La valorisation négative du jaune est également attestée dans les traditions du théâtre de Pékin, dont les acteurs se maquillent de jaune pour indiquer la cruauté, la dissimulation, le cynisme, tandis qu'ils indiquent par le rouge la loyauté et l'honnêteté. Toutefois, dans ce même théâtre traditionnel, les costumes des princes et empereurs - indiquant non la psychologie mais la condition sociale des personnages - sont également jaunes. Cette utilisation de la couleur jaune dans le théâtre chinois rend assez bien compte de l'ambivalence qui lui est propre, et qui en fait la plus divine des couleurs en même temps que la plus terrestre, selon le mot de Kandinsky.

 

Cette ambivalence se retrouve également dans la mythologie grecque. Les pommes d'or du jardin des Hespérides sont symbole d'amour et de concorde. Qu'Héraclès les vole, elles n'en reviennent pas moins au jardin des dieux. Elles sont les véritables fruits de l'amour puisque Gaïa, la Terre, les a offertes à Zeus et Héra comme présent de noces : elles ont ainsi consacré la hiérogamie fondamentale dont tout est issu. Mais la pomme de discorde, pomme d'or elle est aussi, qui est à l'origine de la guerre de Troie, est symbole d'orgueil et de jalousie. Toujours dans la mythologie grecque, les deux faces du symbole se rapprochent dans le mythe d'Atalante, la Diane grecque, Vierge agressive : alors qu'elle lutte à la course contre Hippoménès - qu'elle à l'intention de tuer ensuite comme elle a fait de tous ses autres prétendants -, elle cède à l'irrésistible convoitise qu'éveillent en elle des pommes d'or que le jeune homme lance devant elle sur le sol.
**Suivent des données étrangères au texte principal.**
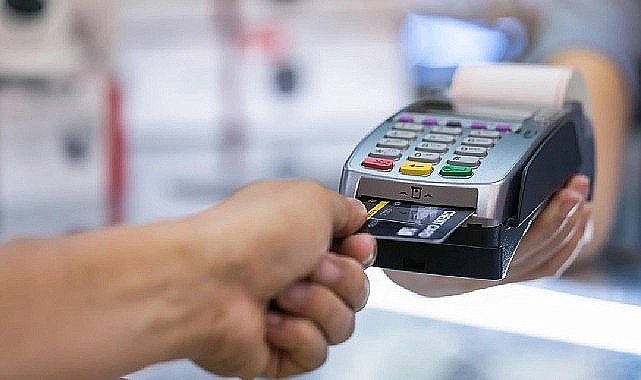 Bireysel kredi kartı borçlanmaları geçen yıla göre yüzde 168 arttı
Elle est donc vaincue et trahit ses vœux - mais par cette trahison elle arrive à l'amour.

 

Certains peuples ont cherché le clivage du symbole dans les notions de matité et de brillance de la couleur - ce qui n'est pas s'en rappeler la distinction symbolique du blanc mat et du blanc brillant, notamment en ce qui concerne les chevaux infernaux et célestes.

C'est notamment le cas de l'islam où le jaune doré signifiait sage et de bon conseil, le jaune pâle trahison et déception (PORS, 88).

 

La même distinction se retrouve dans le langage du blason qui valorise l'or-métal aux dépends du jaune-couleur.